Leonardo’s room and adjoining rooms, Uffizi Gallery

Room 15 documents the artistic beginnings of Leonardo da Vinci, starting from the first documented work, the Baptism of Christ of 1475, the work of his master Verrocchio in which the young Leonardo painted the head of the angel on the left, the landscape and perhaps the modeled of the body of Christ. Another youthful work is the Annunciation, painted by the twenty year old master, where the qualities of the Leonardesque nuance are already visible and his attention to atmospheric vibrations (think of the angel just landed), but with some perspective errors, like the book on which the Virgin puts an arm, which rests on the ground on a base far more advanced than the legs of the Madonna. The Adoration of the Magi instead is an unfinished work in which the innovative sense of the genius of Vinci is evident, with a very original composition focused on the Madonna and the Child in a glowing scenario of many moving figures, among which the traditional San Giuseppe or the capannuccia.

In the hall are also represented artists active in Florence in those years: Perugino (three large blades), Luca Signorelli and Piero di Cosimo.

Room 16 (of the geographical maps) was originally a loggia, which was closed by desire of Ferdinando I de ‘Medici and was frescoed with maps of the Medici domains. The cartography is the science that is in charge of gathering and analyzing measurements and data of regions of the Earth, to graphically represent them to different linear dimensions reduced scale.

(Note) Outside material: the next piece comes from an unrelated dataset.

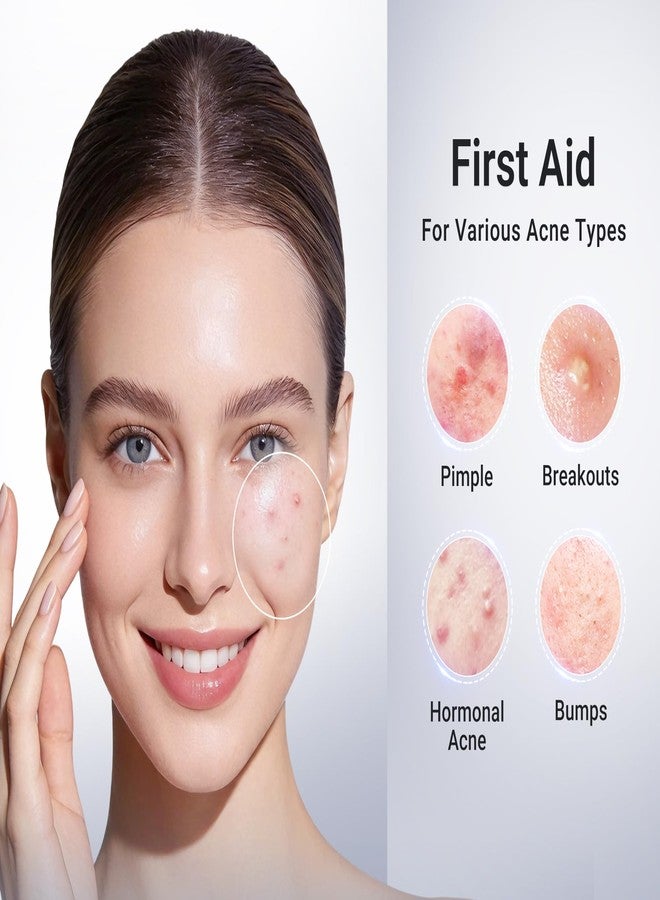 دكتور ليو لوشن دكتور ليو المجفف بحمض الساليسيليك بنسبة 1.8% - علاج حب الشباب للوجه، يقلل من الشوائب والبثور، يهدئ البقع وحب الشباب، مناسب للبشرة الحساسة، 0.34 أونصة سائلة (20 مل) - Image 3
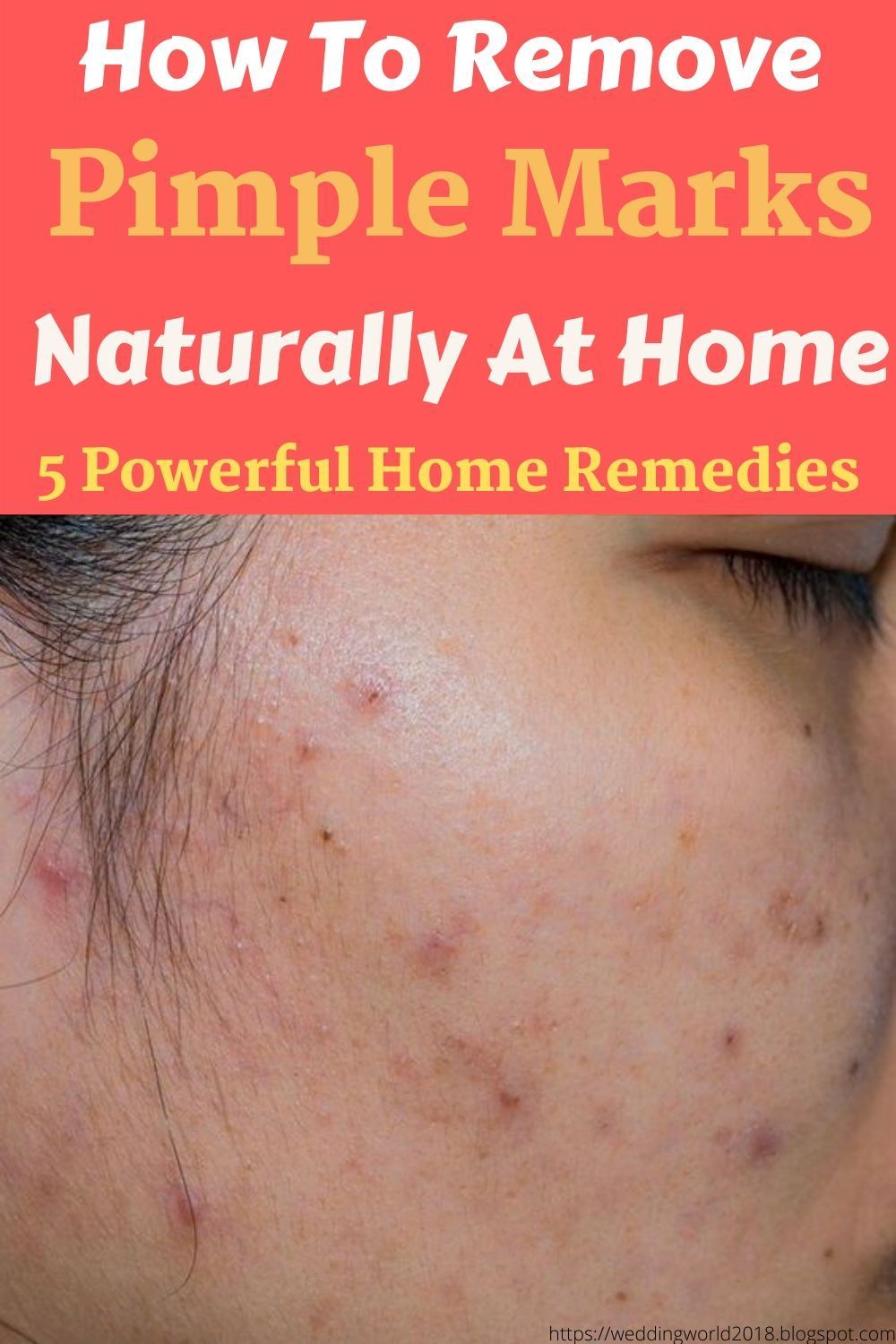 How To Remove Pimple Marks Naturally At Home - 5 Powerful Home Remedies - How To Remove Pimple Marks Naturally At Home - 5 Powerful Home Remedies -   18 beauty Treatments pimples ideas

Room 17 is called Stanzino delle Matematiche, always created for Ferdinando I to accommodate its scientific instruments. The ceiling was in fact decorated with an allegory of Mathematics and episodes that celebrate ancient scientific culture. Today it displays the collection of modern bronzes and some ancient sculptures.

Related Post

Uffizi Gallery

The Gallery entirely occupies the first and second floors of the large building constructed between 1560 and 1580 and designed by Giorgio Vasari. It is famous worldwide for its outstanding collections of ancient sculptures and paintings (from the Middle Ages to the Modern period). The collections of paintings from the 14th-century and Renaissance period include some absolute masterpieces: Giotto, Simone Martini, Piero della Francesca, Beato Angelico, Filippo Lippi, Botticelli, Mantegna, Correggio, Leonardo, Raffaello, Michelangelo and Caravaggio, in addition to many precious works by European painters (mainly German, Dutch and Flemish).

Moreover, the Gallery boasts an invaluable collection of ancient statues and busts from the Medici family, which adorns the corridors and consists of ancient Roman copies of lost Greek sculptures.